• YOUR TASK: I'd like every record given again exactly, please.
--------------------------------
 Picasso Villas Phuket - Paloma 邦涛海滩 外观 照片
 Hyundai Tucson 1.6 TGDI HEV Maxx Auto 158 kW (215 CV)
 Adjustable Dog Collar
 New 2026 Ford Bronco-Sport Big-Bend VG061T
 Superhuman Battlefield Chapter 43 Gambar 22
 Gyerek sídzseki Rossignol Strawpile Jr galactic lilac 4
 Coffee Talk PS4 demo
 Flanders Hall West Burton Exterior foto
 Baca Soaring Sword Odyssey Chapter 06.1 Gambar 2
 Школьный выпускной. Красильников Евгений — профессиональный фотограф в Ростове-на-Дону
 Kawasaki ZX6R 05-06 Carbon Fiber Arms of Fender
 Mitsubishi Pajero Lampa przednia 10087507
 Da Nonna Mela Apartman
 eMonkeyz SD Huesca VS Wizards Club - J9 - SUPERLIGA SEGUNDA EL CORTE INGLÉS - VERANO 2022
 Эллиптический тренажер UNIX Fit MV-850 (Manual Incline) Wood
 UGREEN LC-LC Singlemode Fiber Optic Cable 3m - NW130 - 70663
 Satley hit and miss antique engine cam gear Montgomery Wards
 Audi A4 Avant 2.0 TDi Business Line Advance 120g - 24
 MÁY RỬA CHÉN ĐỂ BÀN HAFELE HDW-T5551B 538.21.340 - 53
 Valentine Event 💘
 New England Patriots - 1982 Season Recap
--------------------------------
• EXERCISE ANSWER:
 Picasso Villas Phuket - Paloma 邦涛海滩 外观 照片
 Hyundai Tucson 1.6 TGDI HEV Maxx Auto 158 kW (215 CV)
 Adjustable Dog Collar
 New 2026 Ford Bronco-Sport Big-Bend VG061T
 Superhuman Battlefield Chapter 43 Gambar 22
 Gyerek sídzseki Rossignol Strawpile Jr galactic lilac 4
 Coffee Talk PS4 demo
 Flanders Hall West Burton Exterior foto
 Baca Soaring Sword Odyssey Chapter 06.1 Gambar 2
 Школьный выпускной. Красильников Евгений — профессиональный фотограф в Ростове-на-Дону
 Kawasaki ZX6R 05-06 Carbon Fiber Arms of Fender
 Mitsubishi Pajero Lampa przednia 10087507
 Da Nonna Mela Apartman
 eMonkeyz SD Huesca VS Wizards Club - J9 - SUPERLIGA SEGUNDA EL CORTE INGLÉS - VERANO 2022
 Эллиптический тренажер UNIX Fit MV-850 (Manual Incline) Wood
 UGREEN LC-LC Singlemode Fiber Optic Cable 3m - NW130 - 70663
 Satley hit and miss antique engine cam gear Montgomery Wards
 Audi A4 Avant 2.0 TDi Business Line Advance 120g - 24
 MÁY RỬA CHÉN ĐỂ BÀN HAFELE HDW-T5551B 538.21.340 - 53
 Valentine Event 💘
 New England Patriots - 1982 Season Recap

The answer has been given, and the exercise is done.